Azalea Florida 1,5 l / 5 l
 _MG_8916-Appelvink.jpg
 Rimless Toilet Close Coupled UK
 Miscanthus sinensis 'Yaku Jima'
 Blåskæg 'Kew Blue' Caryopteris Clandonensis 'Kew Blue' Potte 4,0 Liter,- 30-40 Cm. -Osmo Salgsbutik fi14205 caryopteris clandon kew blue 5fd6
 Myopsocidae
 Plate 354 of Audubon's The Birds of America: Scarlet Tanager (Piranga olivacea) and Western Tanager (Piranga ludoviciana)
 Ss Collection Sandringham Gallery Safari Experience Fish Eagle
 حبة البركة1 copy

========================================================================

* **EXERCISE OBJECTIVE**
Nothing but the lines from the one holding "Blåskæg 'Kew Blue'" through the end of the listing above should appear, each exactly as given.

* **YOUR SOLUTION**
 Blåskæg 'Kew Blue' Caryopteris Clandonensis 'Kew Blue' Potte 4,0 Liter,- 30-40 Cm. -Osmo Salgsbutik fi14205 caryopteris clandon kew blue 5fd6
 Myopsocidae
 Plate 354 of Audubon's The Birds of America: Scarlet Tanager (Piranga olivacea) and Western Tanager (Piranga ludoviciana)
 Ss Collection Sandringham Gallery Safari Experience Fish Eagle
 حبة البركة1 copy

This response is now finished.